**What the task requires**
The reply should reproduce every line of the data below word for word, minus any images.
>>>
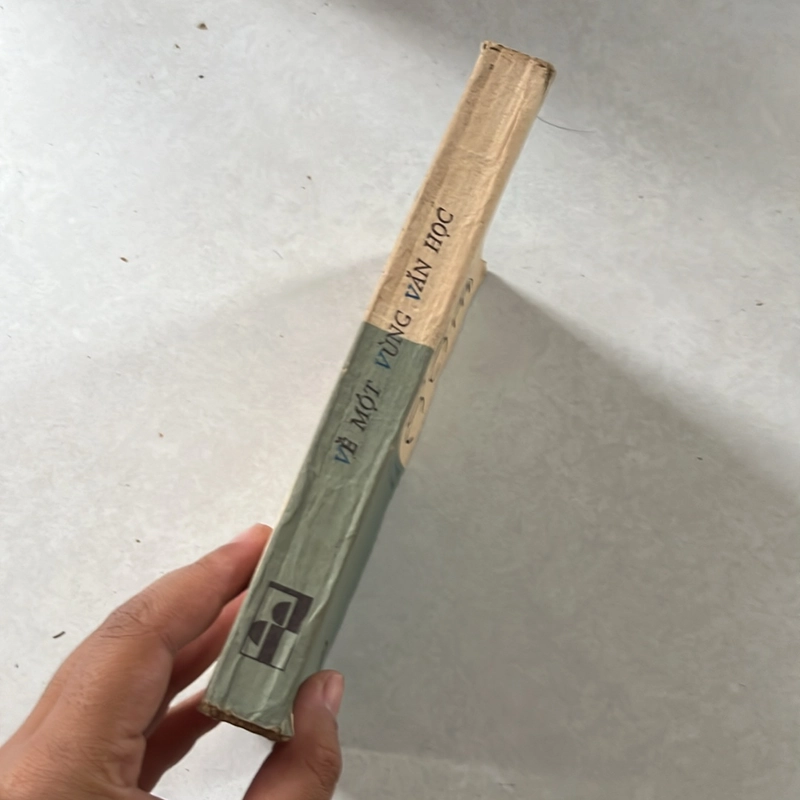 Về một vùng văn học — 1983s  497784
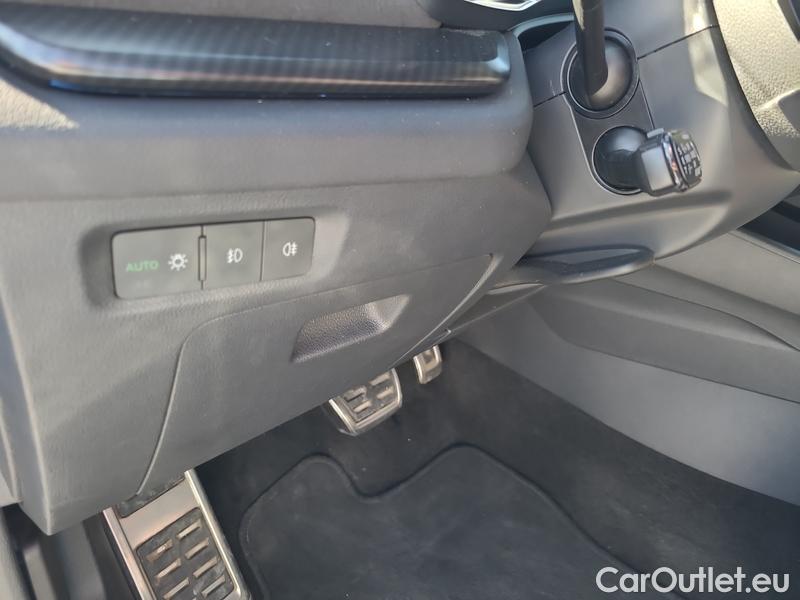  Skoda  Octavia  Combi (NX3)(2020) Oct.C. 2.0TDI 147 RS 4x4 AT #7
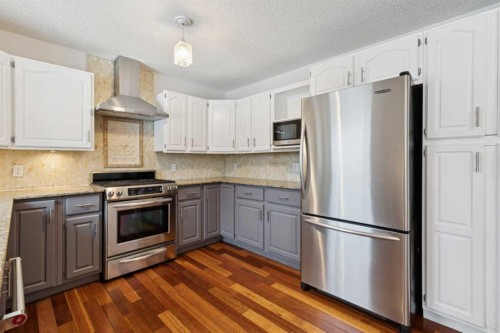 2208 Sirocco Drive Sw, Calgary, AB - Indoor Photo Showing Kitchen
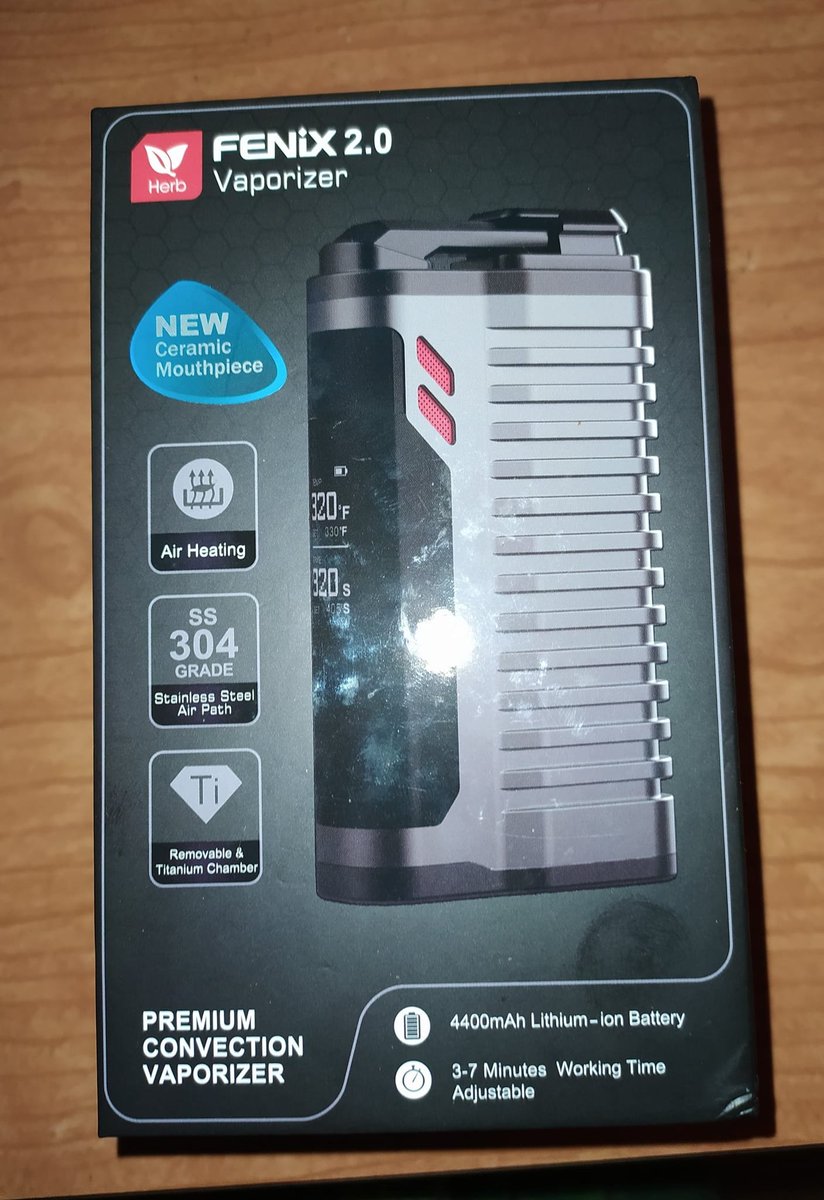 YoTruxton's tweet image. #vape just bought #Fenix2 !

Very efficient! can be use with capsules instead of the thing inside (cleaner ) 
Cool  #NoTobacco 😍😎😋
<<<
**Answer space**
 Về một vùng văn học — 1983s  497784
  Skoda  Octavia  Combi (NX3)(2020) Oct.C. 2.0TDI 147 RS 4x4 AT #7
 2208 Sirocco Drive Sw, Calgary, AB - Indoor Photo Showing Kitchen
 YoTruxton's tweet image. #vape just bought #Fenix2 !

Very efficient! can be use with capsules instead of the thing inside (cleaner ) 
Cool  #NoTobacco 😍😎😋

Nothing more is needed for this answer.